Although smartphones have been on the market for years, the cost of Apple’s iPhone technology has remained relatively high. While the price of laptop computers and MP3 players has generally fallen given the amount of computing power that is packed into these devices, iPhones have maintained their high value. Are consumers over-valuing this particular brand of technology or is there something that is built in to every iPhone that is manufactured which means it is really worth the extra price tag? Of course, valuing anything comes down to personal taste to a degree, but iPhones really do have components and design elements which drive up its sale value. Let’s take a closer look at both sides of the coin.
Why an iPhone Costs More Than Other Smartphones
Apple’s operating system is unique to the brand. Just as when you purchase an iPad or a smart watch made by the corporation, with an iPhone you are buying the operating system that runs all of the software, namely iOS. The two other widely-used operating systems are Windows, made by Microsoft, and Android, a Google variant of Linux. The Apple version, iOS, is designed for ease of use and reliability. It also integrates well with other Apple products, so if you want its singular functionality, then you need to fork out for it.
Component costs constitute another big factor when it comes to sales pricing.
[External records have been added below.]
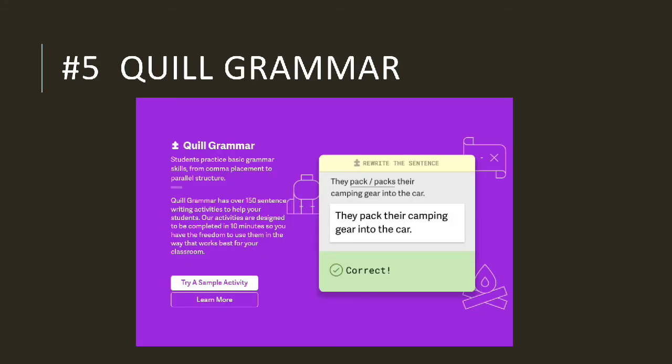And the last is Quill Grammar. In this feature, students will practice the proper use of grammar from the use of punctuation to complex structural shapes. There are more than 150 sentence writing practice activities to help students. To be honest, I like this one because I don't need to give another answer if it's wrong, and the question will not stay on the number where I gave the wrong answer like on Quill Connect. On Quill Connect, you cannot turn to the next question if you haven't answered it correctly.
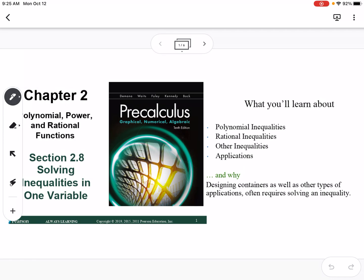This is section 2.8, which is solving inequalities in one variable. We're going to talk about polynomial inequalities, rational inequalities, other inequalities, and applications.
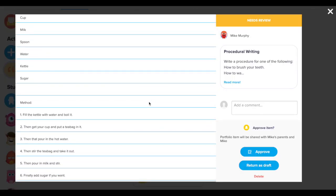I can see that Mike included a variety of bossy verbs. He wrote in the present tense. He also included time connectives but was over-reliant on the word then. I will provide some feedback for Mike.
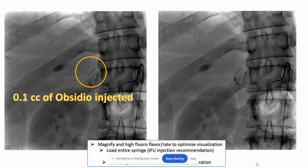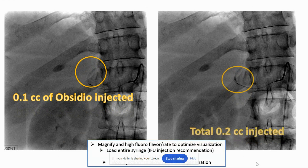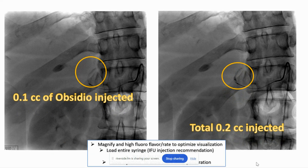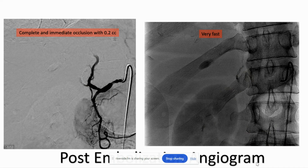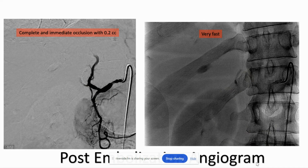To review this over still images: this is after 0.1 cc's — so tiny, tiny amounts. You can see that you can sort of faintly visualize the Obsidio there, but then after just another 0.1 cc, it becomes readily more apparent and more obvious.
When Apple first launched the iPhone, it did so as a premium product which would only use the best components available. It has not veered from this path greatly in the intervening years and the components it uses, along with its quality control measures, all add to the overall cost of the product. Buyers should bear in mind that significant amounts of precious metals, such as gold, are used in every phone.
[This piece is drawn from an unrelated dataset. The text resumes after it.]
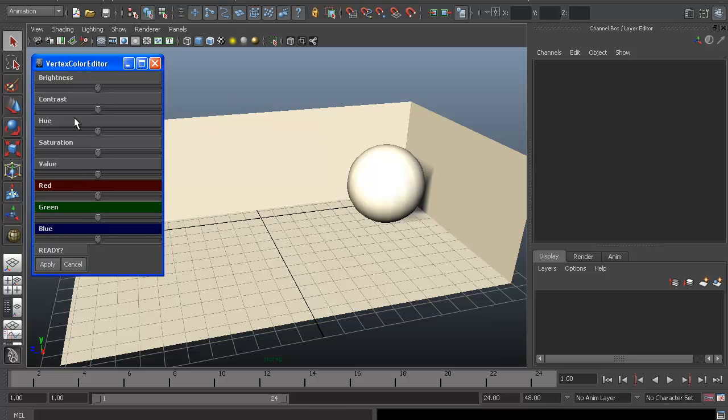So you can see here I'm using standard algorithms for hue, saturation, and value. I've also added some red, green, blue components. You can edit the scene and, of course, brightness and contrast.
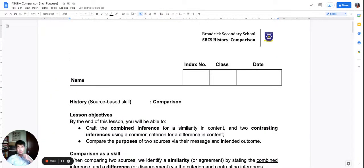Good morning, Sec 2s. I'm Mr. Xiao, and today I'll be teaching the lesson on comparison.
It is worth also bearing in mind that many people buy their iPhones with relatively expensive financing via their network operator’s ‘deals’ which have low initial costs but which cost more over the lifetime of a contract. It is usually cheaper to save for one and buy it outright instead. Indeed, reliable but cheap iPhone insurance will also make the lifetime costs of an iPhone that bit more affordable.
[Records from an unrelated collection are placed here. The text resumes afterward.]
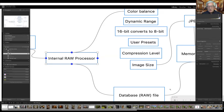The raw processor can also pass that information directly from the database as a raw file to the memory card. So it can be either a JPEG, or a raw database file, or both. Many cameras can be set to store both JPEGs and raw files at the same time.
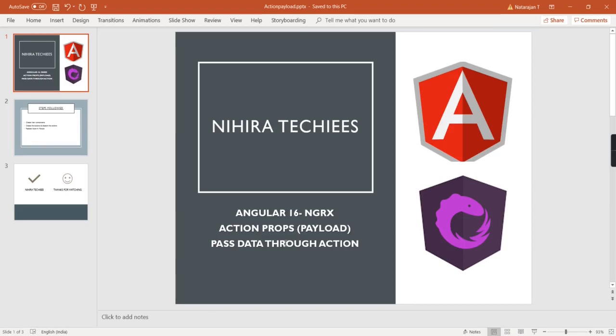Hello friends, welcome to my channel Hirata Keys. This is our Angular 16 NGRX tutorial. In this video, I am going to explain how to pass data to the actions using action props.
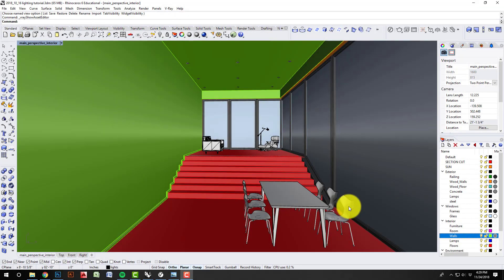Hello and welcome to this V-Ray 3 for Rhino 6 interior renderings with an HDRI tutorial. What we want to do here today is use an HDRI to render interiors.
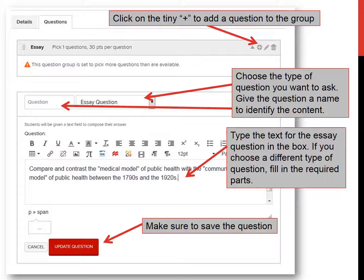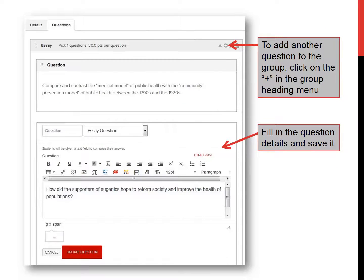Once you've created the group, you click on the tiny plus sign in the very top menu bar to add a question to the group. Choose the type of question you want to ask and give the question a name to identify the content. I've chosen essay question. Type the text for the essay question in the box. If you choose a different type of question, such as multiple choice or multiple selection, it will show a different screen and you'll simply fill in the required parts. Make sure to save the question. To add another question to the same group, click on the tiny plus in the group header, then fill in the question details and save it.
Another important reason for the price point of a new iPhone is that the market will bear it. Simply put, Apple charge more for their products because people are willing to pay the price set. Consider, however, that the re-sale value of a used iPhone is higher than that of competitor products, too. In many cases, the upfront cost of a new iPhone is mitigated by the fact that it will later be sold to the second-hand market by users when they upgrade.
Should iPhones Cost Less?
For the reasons already outlined, it is likely Apple’s high pricing strategy will not change unless demand drops or they come under greater pressure from another premium smartphone brand. Having said that, profit constitutes a big part of Apple’s pricing structure for iPhones so the corporation must have room to reduce its pricing whilst still operating successfully.